Sunday, June 5, 2011

Wintergreen Berries (Gaultheria procumbens) and Muffin Extravaganza

Wintergreen was one of my first wild edibles. Unlike Thag I did not grow up in a family of hikers. My family's idea of a great day outdoors involves swimming pools, lemonade and steaks on the grill, or, when they feel really crazy, amusement parks. So, when we began dating as teenagers, Thag was my introduction to things like hiking, camping, and mountain top vistas. As we hiked through the woods, I could identify some trees due to a seventh grade botany project, but that was about it. On one of these hikes (which sometimes I loved and othertimes I dreaded, being unaccustomed to bugs, sore thigh muscles, and sweating), he introduced me to wintergreen. Easy to identify with the occasional surprise of a berry hidden beneath its thick green leaves, this became one of my favorites.

Yub Yub knows many plants, and today she was introduced to wintergreen. She and Thag hiked up a local mountain and she delighted in finding these sweet little berries. She loves finding things she can eat outside. Often, if she can pick something herself, she will eat it even though she won't eat the same food when it comes from our fridge. This was true with wintergreen berries. She spit them out when they sat in a bowl on our table, but she ate each and every one she found today. She even commented on this. "Papa, I like some wintergreen berries but not some wintergreen berries."

Up until now, this berry has been relegated to trailside nibbles or salad additions, but this year, Thag collected a lot. In fact, we froze them because we weren't sure what to do with them all. So the other day, when I found them sitting inside the freezer I decided to add them to our favorite corn muffin recipe.
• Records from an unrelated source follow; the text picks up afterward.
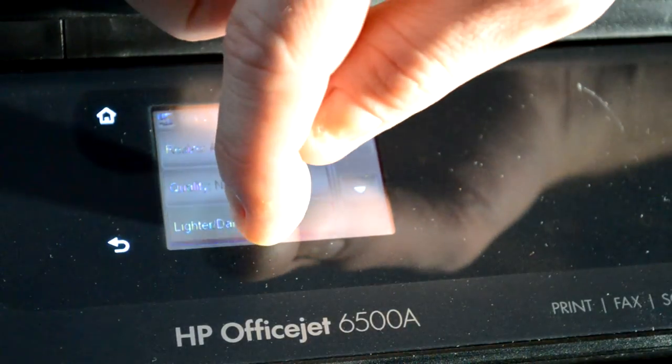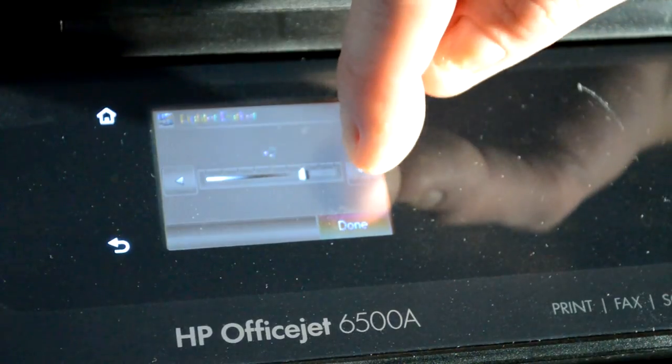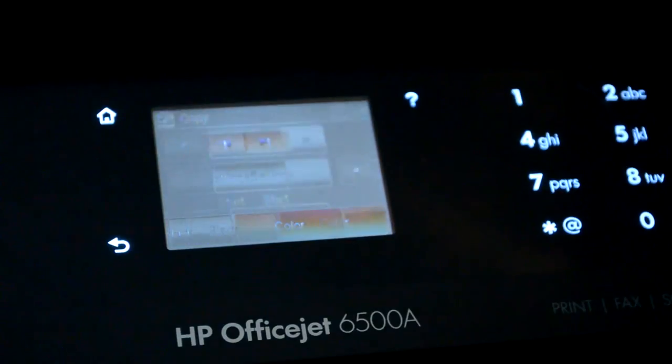Choose lighter or darker. From here, if you want to make it darker, go to the right. For lighter, go to the left, and then click done when you have it set the way you want.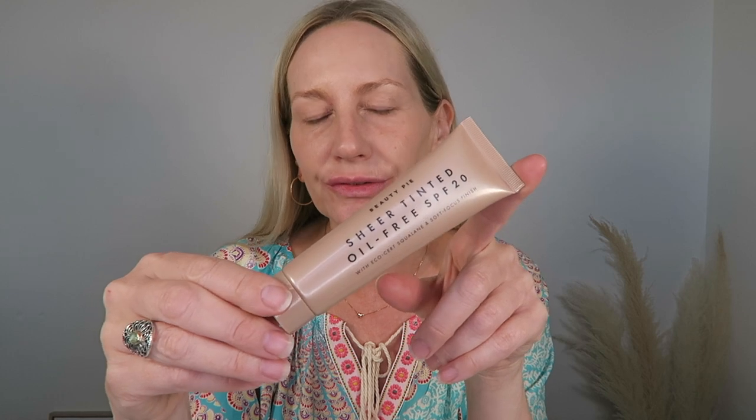Then I'm going in with the Beauty Pie balm — it's kind of an oil-free tinted moisturizer, like a base. I've already popped that on. It's not a very opaque coverage, it's very sheer, but it does even out skin tone and it's really lovely.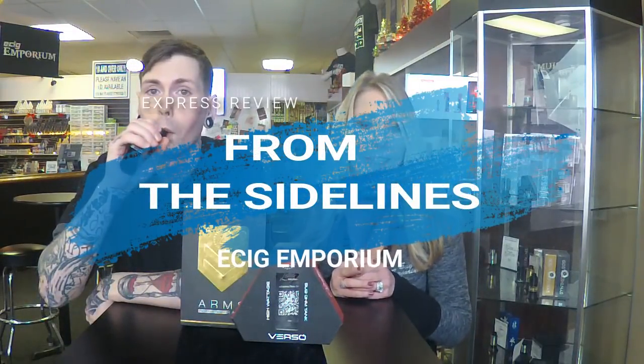Hi, my name's Annette. My name's Tim. And welcome to another Express Review from the sidelines of the East Lake Emporium.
This turned out wonderfully. Sadly I didn't measure the number of berries I added. But if you follow this recipe, I suggest not putting too many berries in. Their flavor really extended to the whole muffin. I fear that if one put too many berries in, they would begin to taste like toothpaste. These, however, were delicious, lightly wintergreeny and wonderful with tea.

Above, you will see a picture of wintergreen corn muffins at right, plain corn muffins behind, and locust flower corn muffins front left. The black locust muffins were good, but unlike the wintergreen muffins, I added too few locust flowers--I should have stuffed them full.

Wintergreen (or Black Locust Flower) Corn Muffins:

2 cups white flour

2 cups corn meal

2 tsp salt

8 tsp baking powder

1 cup maple syrup, brown sugar, or white sugar

2 cups milk

2 eggs

1/2 cup melted butter or canola oil

wintergreen berries and/or black locust blossoms--read post for more info

Preheat oven to 425 degrees. Grease or paper muffin tins.

Sift dry ingredients together. Add milk and eggs (and maple syrup if using instead of sugar. Beat until blended. Add butter. Mix until just blended. Add berries and/or black locust blossoms. Fill tins. Makes 18 to 24 muffins depending on how full you fill them. They freeze well.


  1. Great post, can't wait to try the recipe!

  2. Great post! We love foraging for wintergreen, or as I grew up calling the, boxberries. They make amazing ice cream and cookies!

    1. I've heard other common names too . . . like checkerberries. I'll have to try the ice cream. That sounds like an amazing idea.

  3. yub yub. Is that nickname a reference to the little sand people in Star Wars that said Ootini!! Cute nickname if so.